Signed overflow problems are everywhere, even in carefully written code. Using 'int' instead of a more specific type is a code smell. Security code which presumes that because you wrote ptr != NULL, that the check is actually carried out. Code that does type punning. Code that doesn't know about aliasing. It goes on and on.

You need to know that the problem exists in order to know that you have a problem. There are many C programmers who learned C back in the 1980s who don't even realize these are issues.

I'd say things have changed quite a bit since format string bugs...
> always enabled -Wall for their C and C++ code

Of course you want -Wall -Wextra -Werror -pedantic. ;)

...but please, for the love of Mike, don't ship source code with -Werror.

There's nothing like the experience of trying to fix somebody else's code which compiled fine on gcc version 8.97 but which now fails to compile on gcc version 8.98 because the new compiler has some new warnings, which it's now treating as errors, and now fails to compile.

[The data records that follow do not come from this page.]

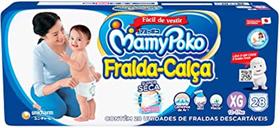 Fralda Calça MamyPoko Super Seca Tam XG - 28 Unidades/ Tiras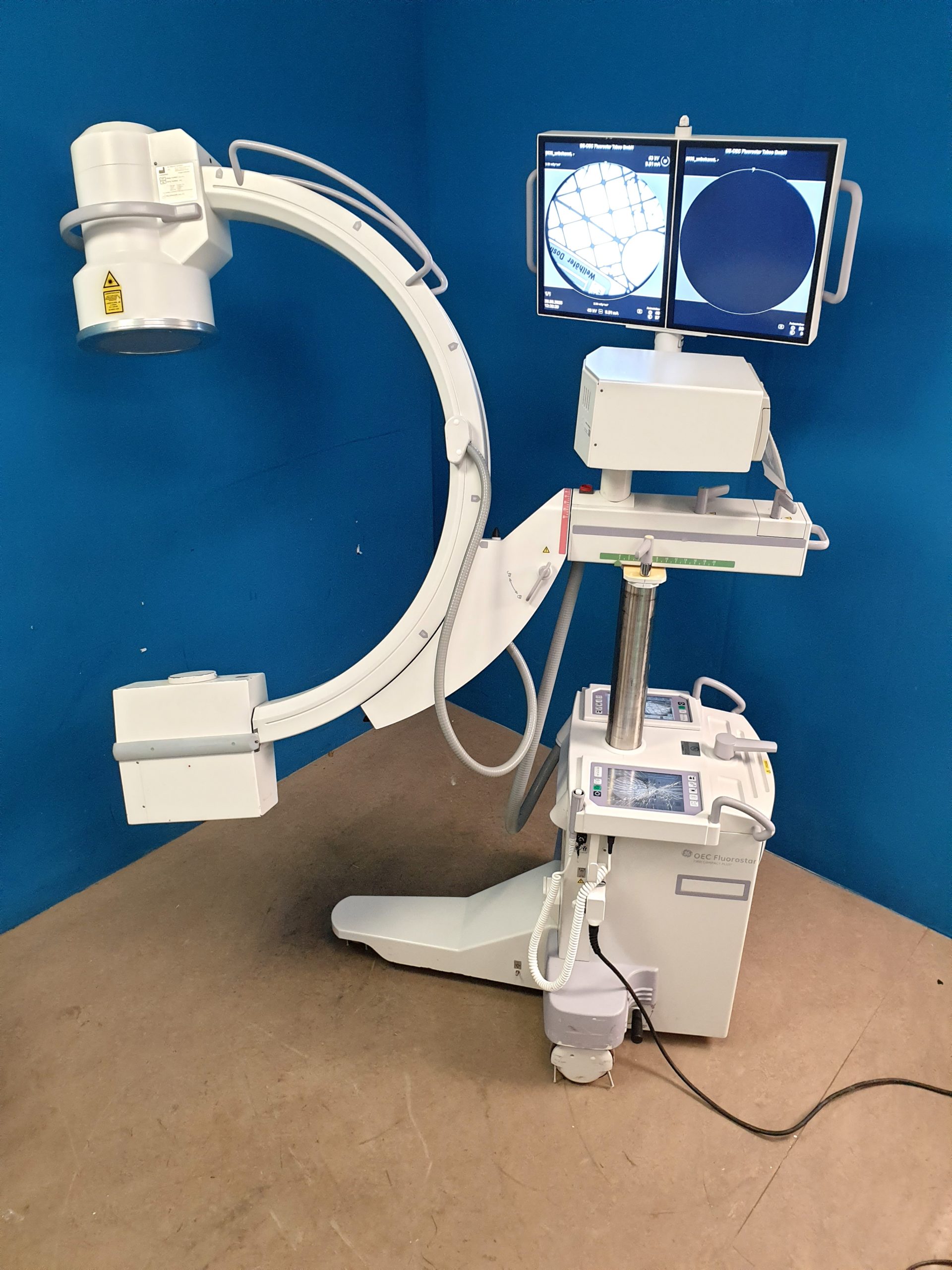 GE OEC 7900 Compact Plus Fluorostar C Arm thumbnail 10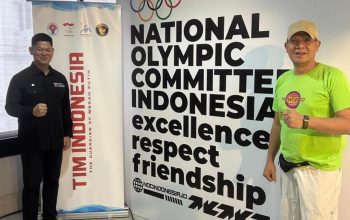 Nada-Nada Olympism dari Raja Sapta Oktohari dan Oleg Sanchabakhtiar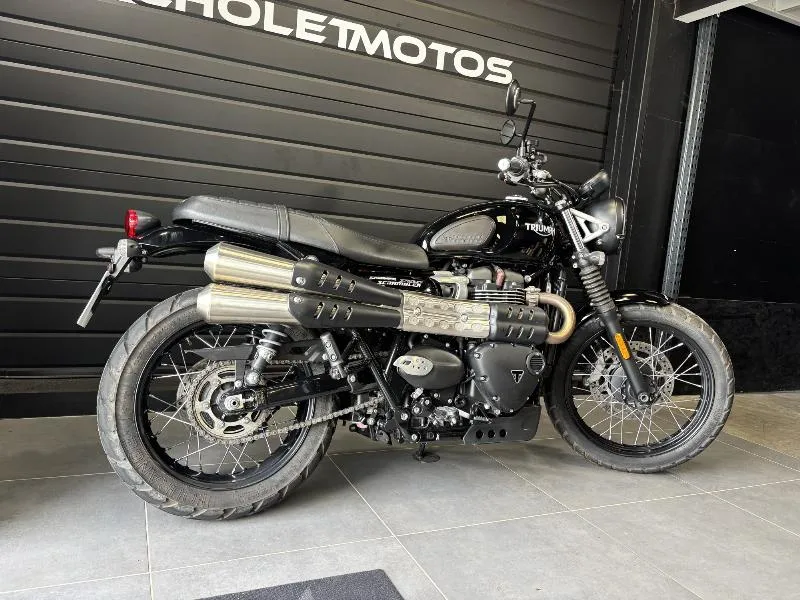 STREET SCRAMBLER 900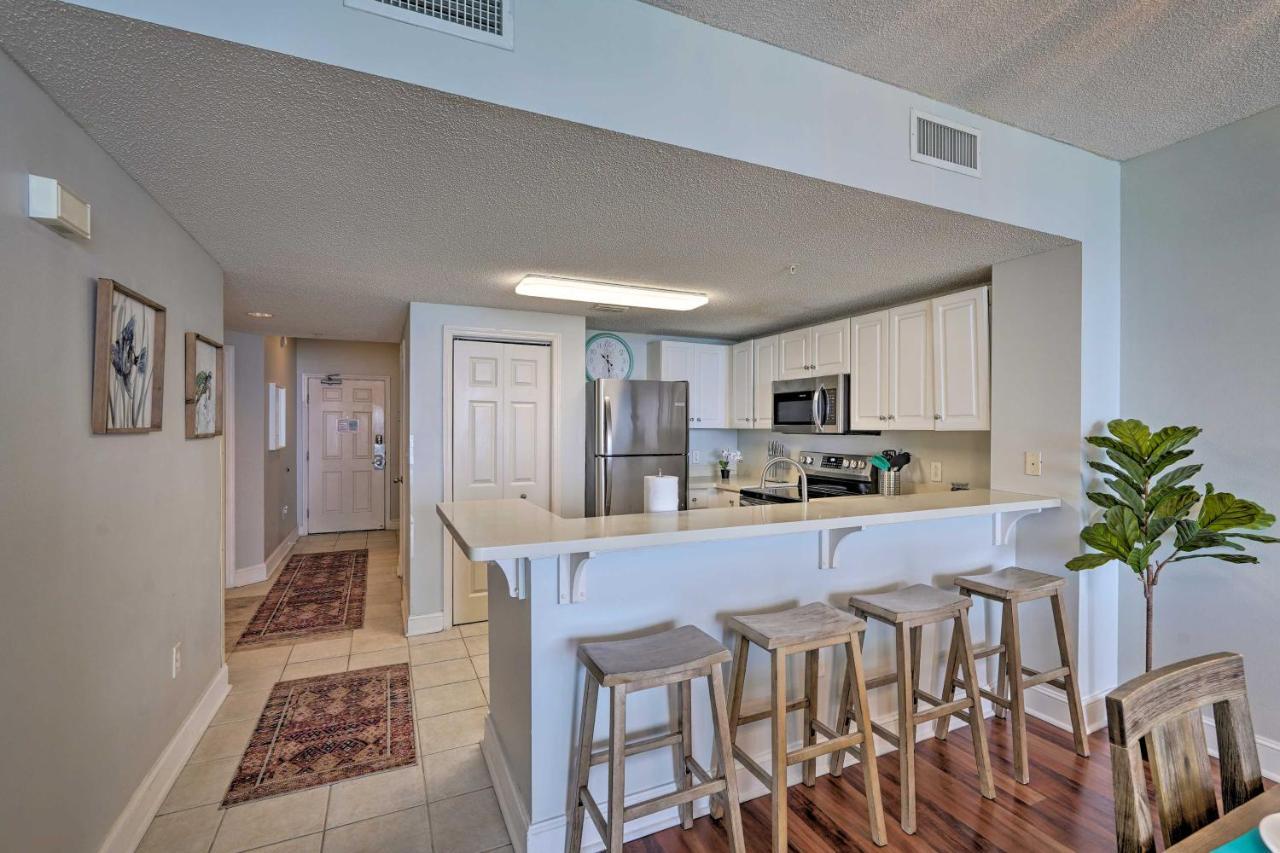 Beachfront Panama City Condo With Resort Amenities パナマシティービーチ エクステリア 写真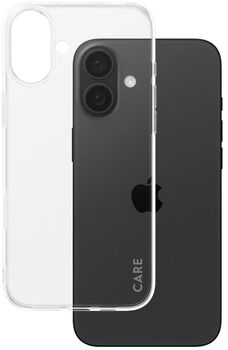PanzerGlass Care iPhone 16 Plus X-Ray símahulstur - Glært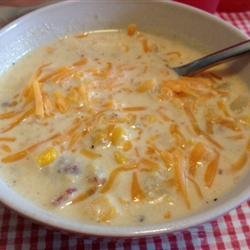 Grandma's Corn Chowder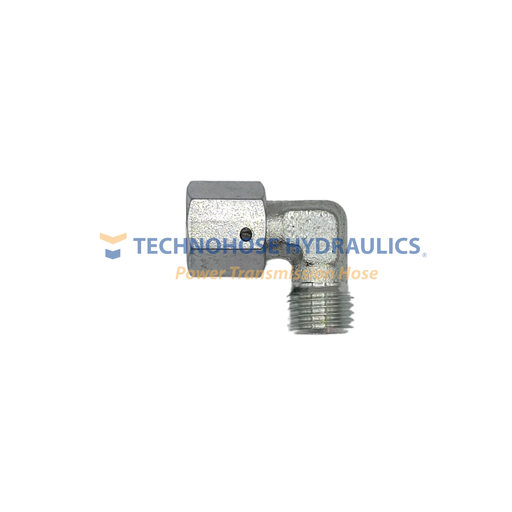 [15MDL-15FDLORX90°] ADAPTADOR METRICO CODO 90° 15 MM SERIE LIGERA HEMBRA A 15 MM SERIE LIGERA TUBO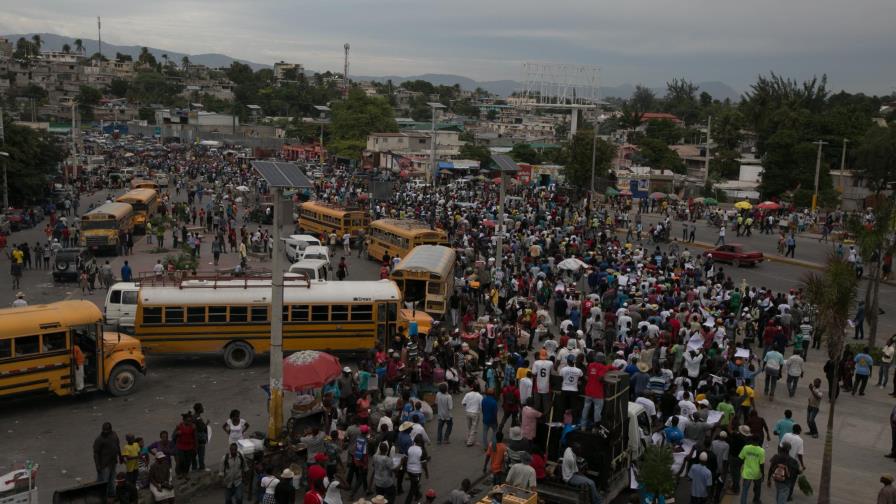 Nueva gran manifestación en Haití en rechazo a resultados electorales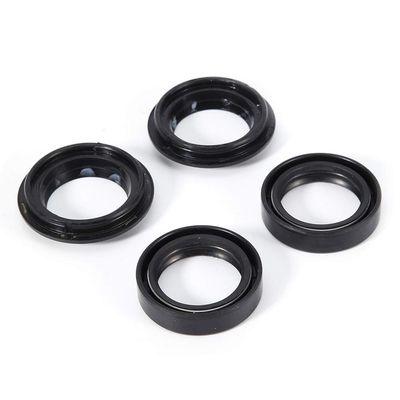 33-46-11 fork wiper seal Front Fork Oil Seal,Front Damper Oil Fork Seals Dust Boots Wiper Kit Fits for CB400 33x46x11mm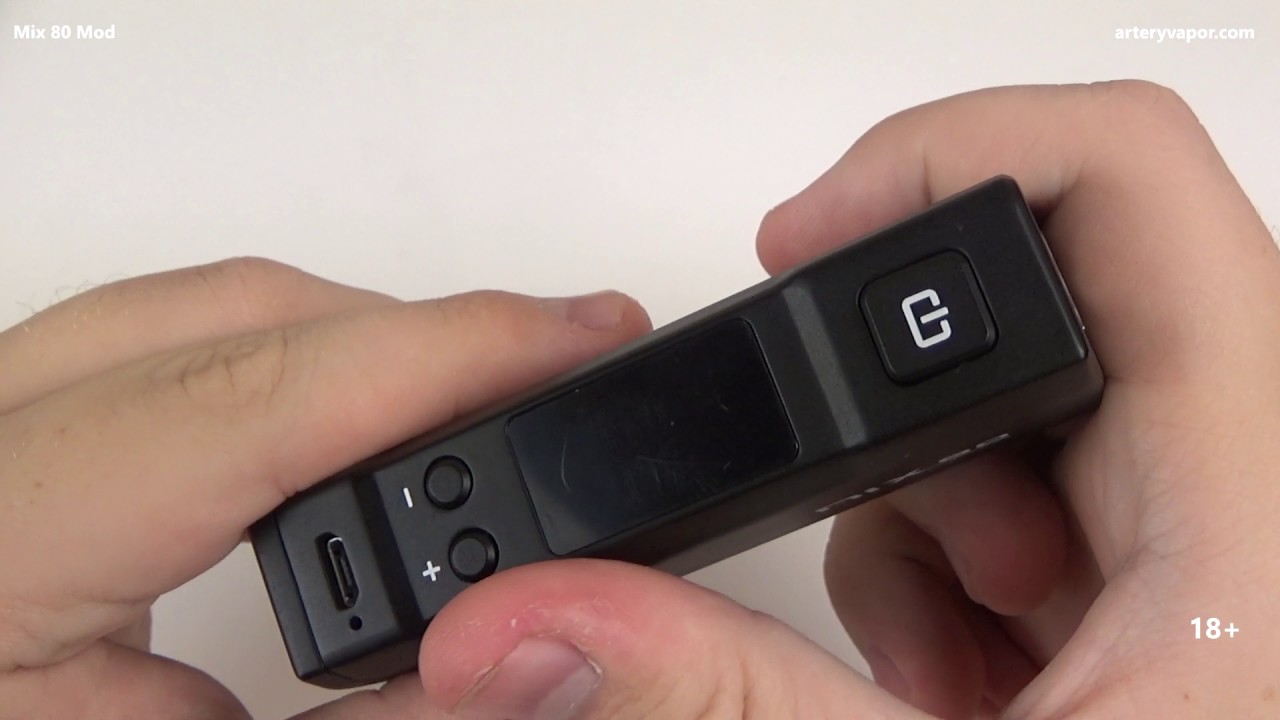 Боксмод Mix 80 - подозрительно похож на Evic VTC Mini (arteryvapor.com)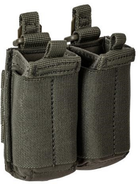Підсумок для магазинів 5.11 Tactical Flex Double Pistol Mag Pouch 2.0 56669-186 Сіро-зелений (2000980574889) - зображення 5
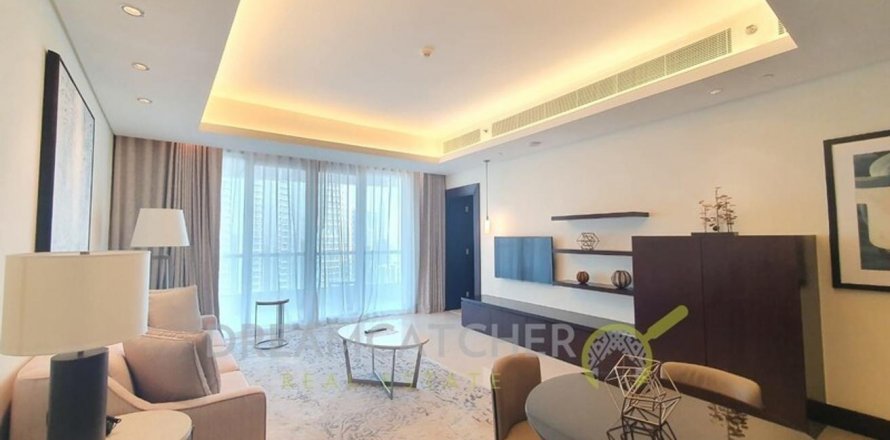 Apartament në Dubai, Emiratet e Bashkuara Arabe 1 dhomë gjumi, 86.86 m2. № 70327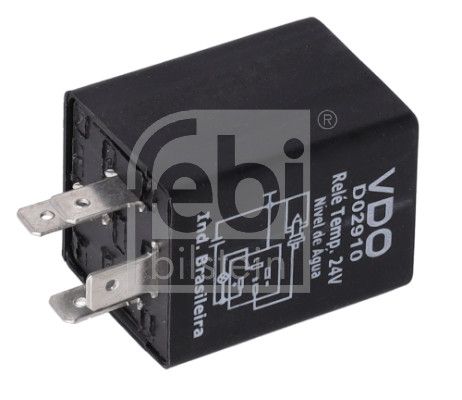 Relais, Kühlmittelwarnanzeige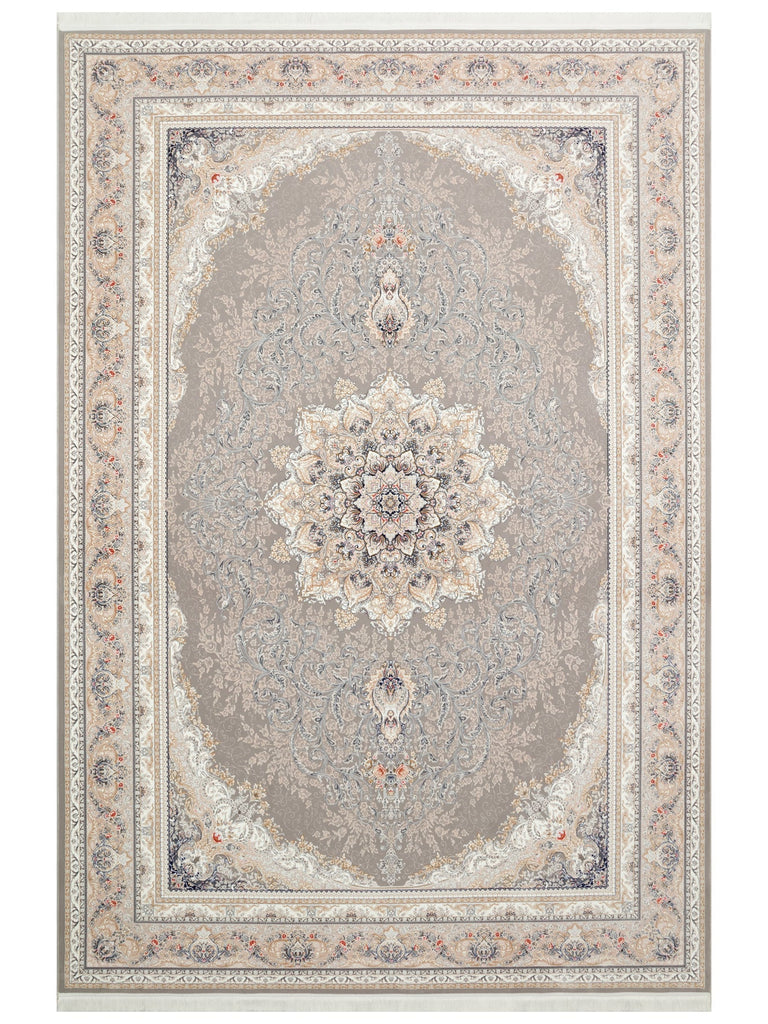 Tahran Series Classic Patterned High Quality Tight Woven Special Living Room Carpet 01LGR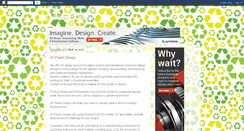 Desktop Screenshot of 3dplasticdesign.blogspot.com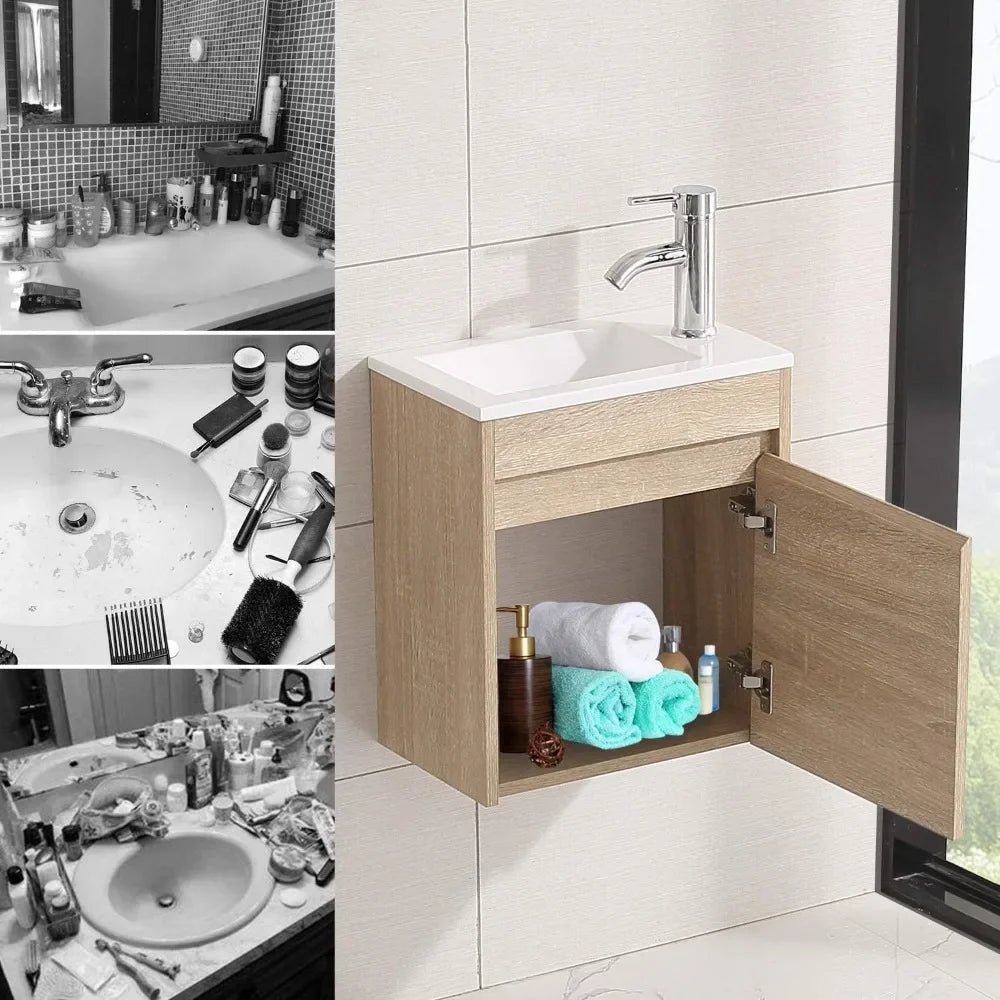 Single Sink Bathroom Vanity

...and you've got stuff to do, and the program isn't even broken.

Or if you don't have to use gcc, just -Weverything in clang.
I used to work with a guy who would regularly get upset about the idea letting the compiler return warnings because he knew better and didn't want to be bothered with it.

Last I checked he has a couple hundred points on the hacker news internet forums.

Also just last week I found and reported some undefined behavior in a major c++ package that's used by almost every player in as many as several industries. I don't expect it will ever make any difference in production, but it still snuck in.

"The amount of terrible C in the real world is enormous."

I'm sure you could say that about pretty much any programming language: "The amount of terrible X in the real world is enormous". There are also plenty of clean, nice, safe C code around (and any other language), there's no need to over-generalize ("Almost no one else does").

> I'm sure you could say that about pretty much any programming language: "The amount of terrible X in the real world is enormous".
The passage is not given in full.